Deer kill lags as hunters forced to pass does

St. Paul – Firearms deer hunters had killed and registered
128,766 deer as of earlier this week, which is nearly 12 percent
fewer deer than at the same time last year.

The antlerless deer harvest is lagging by about 20 percent
(59,574 this year compared with 74,256 last year), while the buck
kill is down about 3 percent (69,192 this year compared with 71,227
last year).

There is another weekend of hunting in Zone 1 – as well as a
late season in Zone 3 – but this year’s firearms kill will come in
lower than last year, according to Lou Cornicelli, DNR big-game
program coordinator.

“It’s pretty much what we thought,” he said. “My guess was in
the 200,000 or slightly less than 200,000 ballpark, and I think
that’s what it will be.”

The decline in antlerless harvest can be attributed to an
increase in the number of lottery areas (about half of them, as
opposed to one-third last year), fewer permits available, and some
areas in the southwest that are bucks-only for most hunters,
according to Cornicelli.

The buck harvest is “about right,” he said.

“Given the amount of standing corn in the fields, I’m not
surprised that buck harvest would be a little bit down,” Cornicelli
said. “If the corn would have been down, we probably would have had
an increase in buck harvest.”

As of earlier this week, 43 percent of the corn in the state had
been harvested, which is up from 23 percent the week before.
However, at this time last year, 79 percent had been harvested; the
five-year average is 91 percent.

Mark Johnson, executive director of the Minnesota Deer Hunters
Association, said the reports he’s heard have been “really
patchy.”

“People aren’t seeing a lot of deer, but it seems there have
been a fair number of deer harvested,” he said. “It seems like
people are doing pretty well. Of course, with the nice weather
they’ve been spending a lot of time in the woods.”

Johnson says there have been some large bucks taken across the
state.

“I have heard reports of some really super nice bucks being
taken – and just a lot of bucks being taken,” he said. “I would
imagine that’s partially due to last year’s harvest being down
because of the weather. A lot of those bucks that survived last
year just got bigger for this year.”

The standing crops have hampered deer hunters to this point, but
that could bode well for muzzleloader hunters. Also, they could
play a role in winter survival, Johnson said.

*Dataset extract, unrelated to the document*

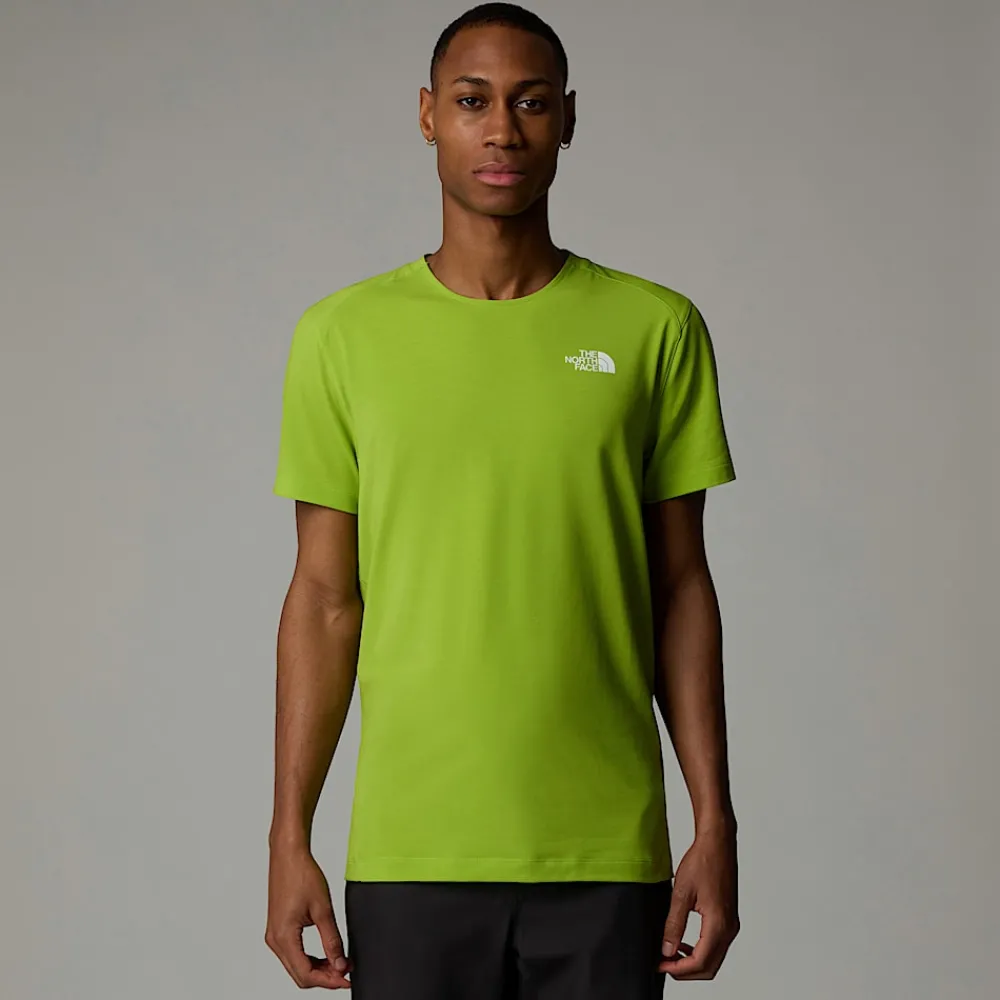 Camiseta Lightning Alpine Para Hombre-The North Face Online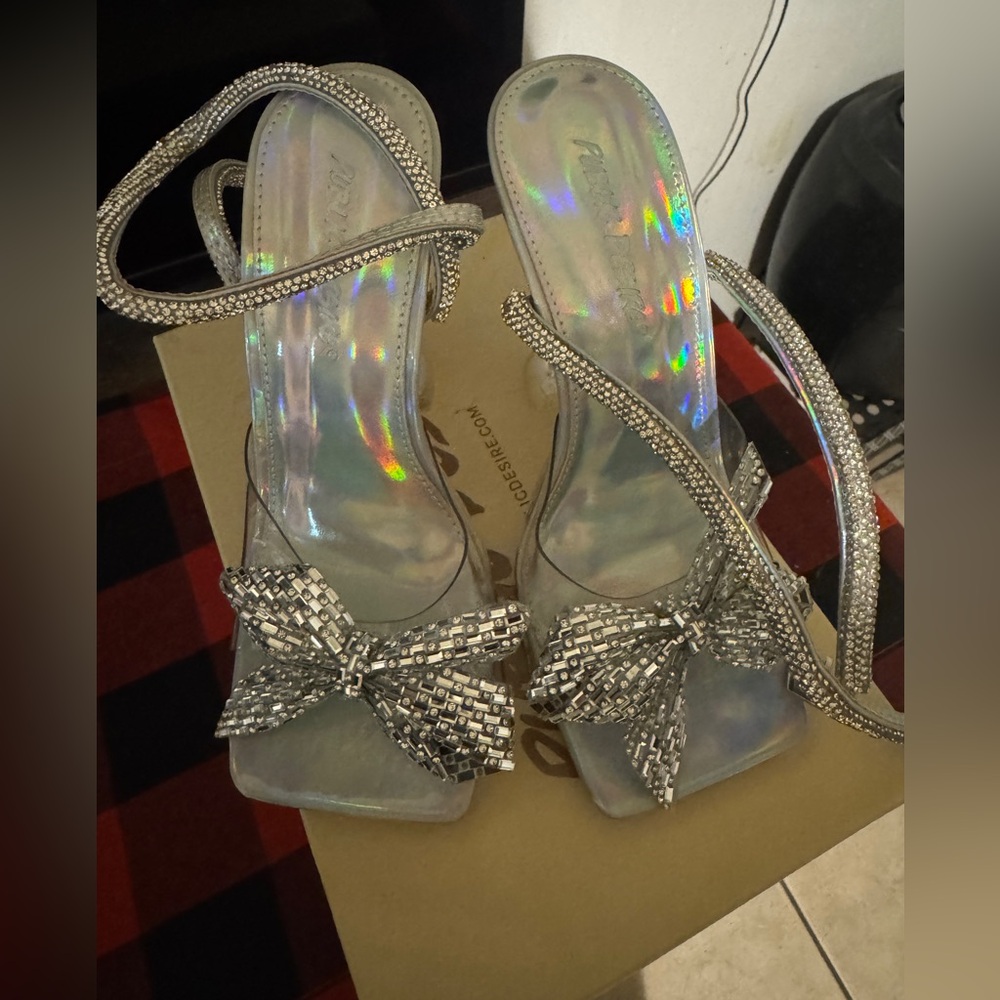 Twinkle Heel Women Size 5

“Any deer that are out there at the end of the season are going
to go into winter in such good shape because of the crops,” he
said. “They have unbelieveable amounts of food. They are going to
have a good winter no matter how hard the winter is in farm
country.”

Harvest totals

The largest dip in harvest has been for antlerless deer in Zone
1, where many permit areas went to lottery this year. Hunters there
have killed and registered 22,416 antlerless deer, which is 30
percent below the 32,174 they had killed at the same time last
year. Buck harvest in Zone 1 is down about 5 percent from last
year.

The only place where harvest has increased over last year is
Zone 3, where hunters killed about 5,500 bucks, which is 14 percent
more than last year. Antlerless harvest was up nearly 40 percent,
to 4,483.

The number of deer hunters is down just more than 1 percent from
last year; the largest decline – 8 percent – was from the area that
used to be Zone 4.

“We sold a fair number of licenses after the season opened,
which tells me people were kind of holding out (perhaps to see how
the crop harvest progressed),” Cornicelli said.